About Echinodermata
Echinoderm is the common name given to any member of the phylum Echinodermata of marine animals. You can recognize mature Echinoderms by their radial symmetry, which includes common animals such as sea stars, sea urchins, sand dollars, and sea cucumbers and sea lilies. You can find Echinoderms at every depth of the ocean, from the intertidal zone to the abyssal zone. The phylum contains about 7000 living species, making it the second-largest grouping of deuterostomes (a superphylum), after the chordates (which include the vertebrates, such as birds, fishes, mammals, and reptiles).
Pycnopodia helianthoides
Commonly known as the Sunflower Star.
The Sunflower Star is one of the largest sea stars. It is distinguishable amid its relatives, other sea stars, brittle stars, urchins, sand dollars and sea cucumbers by the number of arms it can grow.
It can grow up to 5 kg and grows at least 20 arms that enable it to move quickly.
The species is distributed throughout a wide range of habitats such as sandy ocean floors or coral reefs. They are found in the waters of Aleutian Islands, Alaska to California on substrates such as mud, sand, gravel, boulders, and rock.

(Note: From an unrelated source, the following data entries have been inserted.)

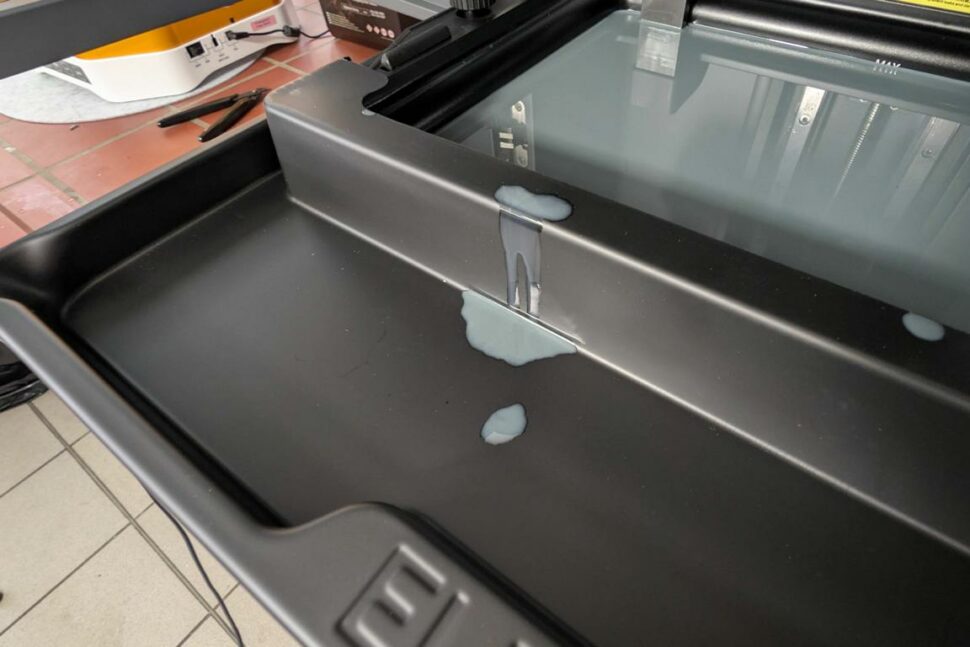 Elegoo Jupiter 2 56 Elegoo Jupiter 2 56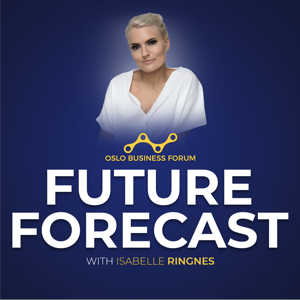 Future Forecast with Isabelle Ringnes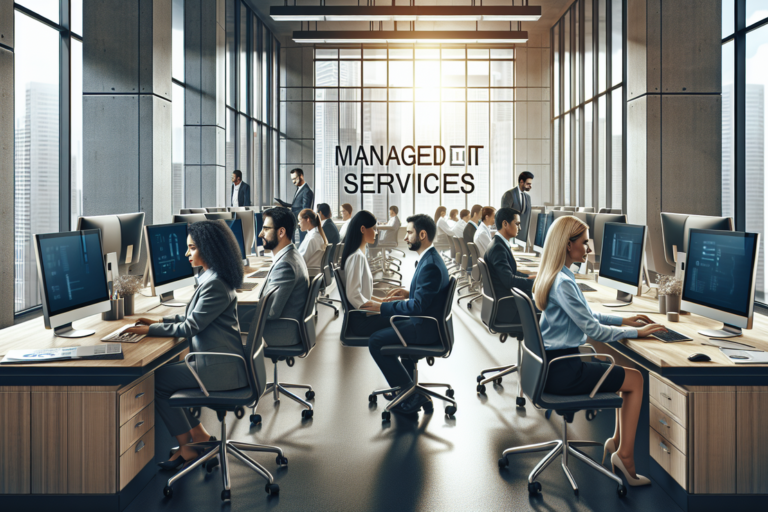 Managed IT vs In House IT: Key Considerations for Teams Featured Image Compare managed IT vs in-house IT for midsize teams. Learn key considerations including costs, expertise access, scalability, and security coverage.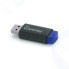 USB-флешка Smartbuy Click 16GB Black/Blue (SB16GBCL-B)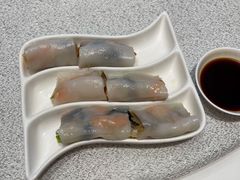 -粤珍轩·家宴·广式茶点(新城广场店)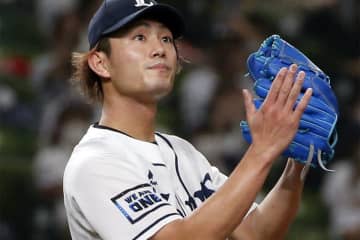 【西武】今井達也のポスティング利用でのMLB移籍を受諾…「自分の要望を受け入れていただいたことに感謝しています」
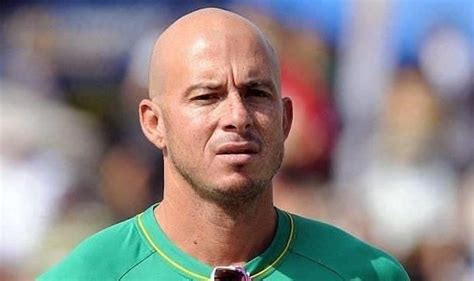 Squads will have at least 16 or 18 members; PSL 2021: Herschelle Gibbs named Karachi Kings head coach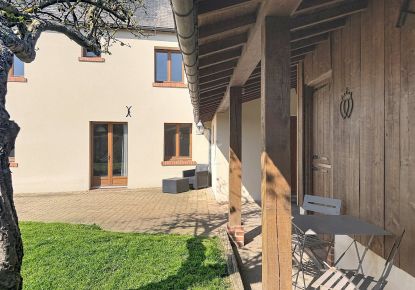 vente Maison Pont L'eveque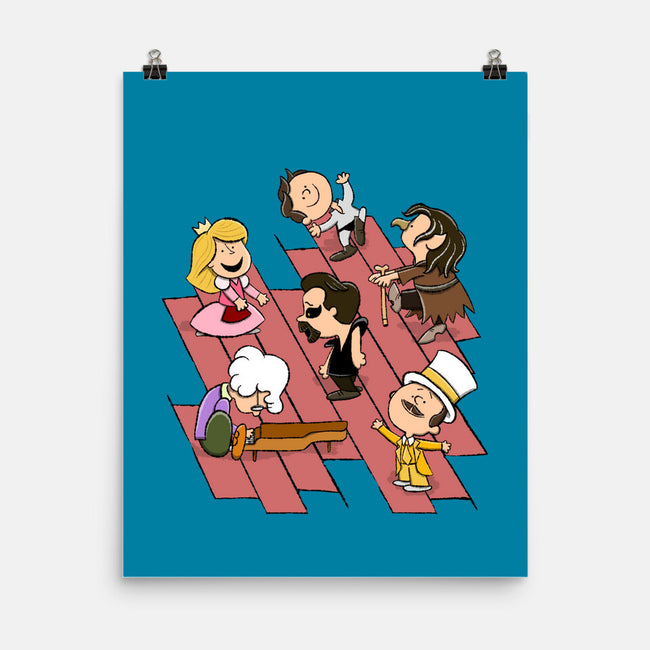 You’re A Good Man-None-Matte-Poster-DrawnByBryan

With its impeccable speed and ability to thrive in a wide range of habitats, the Sunflower Sea Star is without a doubt a powerful predator.
The Sunflower Star is a fast and aggressive predator that eats smaller echinoderms. It commonly feeds on crabs, sea cucumbers, snails, chitons, sea urchins, dead or dying squid and other sea stars. To capture prey that are smaller echinoderms, it utilizes its 15,000 tube feet as traps.
The autotomy (dropping its arm when disturbed or injured by a predator) allows the sunflower star to escape from the predator. If, in fact, they are threatened and physically injured, they have the capability to regenerate their arms. It is also possible for an entirely new sea star to form if the detached arm has a portion of the central disk. If a predator attacks, the sea star can detach itself from its arm and emit a chemical that signals a warning to neighboring sea stars.
This species breeds by broadcast fertilization between March and July, particularly in May and June. The eggs will develop into swimming bilateral larvae which will remain in plankton for, at most, 10 weeks. The larval form will feed on single-celled plants and when it finally settles, it metamorphoses into a young sea start with five arms. It will grow arms clockwise from the bivium and in pairs bilaterally. This species's life expectancy is between three to five years.
Mesocentrotus franciscanus
This species is commonly known as the red sea urchin. With a maximum outer skeleton diameter of more than 18 cm, and a maximum spine length of 8 cm, the red sea urchin is the largest of the sea urchins. Their outer skeleton is made up of 10 fused plates encircling the sea urchin. Like Sea Stars, their feet are controlled by a water vascular system by changing the amount of water inside so that the animal can extend or contract its feet. Red sea urchins feed on large amounts of kelp and seaweed.
Sea urchins are important to the ecosystem because they are grazers. They are particularly important to the reef ecosystem because they limit the size of macro-algae populations. Why that matters is because when algae populations become too large, they take away from essential nutrients coral need to survive. It would also make it difficult for coral to rebound after a time of distress, so the presence of urchins increases the likelihood that the reefs will not be eliminated as a result of diminished resources or environmental occurrences such as coral bleaching.
Sea urchins have two sexes, male and female. In spawning events they each release their gametes into the water. When they come together, they fertilize and begin to grow into a mature urchin.
One of the adaptations of sea urchins is that they are able to move their spines. They are able to orient them in the direction of a particular stimulus, whether it be in defense from a predator or in capturing food. Either way, this adaptation gives the sea urchin a greater likelihood to survive.
"Echinoderm." Wikipedia. Accessed January 27, 2017. https://en.wikipedia.org/wiki/Echinoderm.
"Largest Starfish in the World." Animals - mom.me. Accessed January 27, 2017. http://animals.mom.me/largest-starfish-world-2533.html.
MontereyBayAquarium. "Sea Urchins Spawning!" YouTube. June 02, 2016. Accessed March 07, 2017. https://www.youtube.com/watch?v=5ybIOndewoY.
"Red Sea Urchin." Living Marine Resources BIO 340 - Marine Biology Columbia College SC Spring 2013. Accessed January 27, 2017. http://ccbio340.weebly.com/red-sea-urchin.html.
"Red Sea Urchins, Mesocentrotus franciscanus." MarineBio.org. Accessed January 27, 2017. http://marinebio.org/species.asp?id=45.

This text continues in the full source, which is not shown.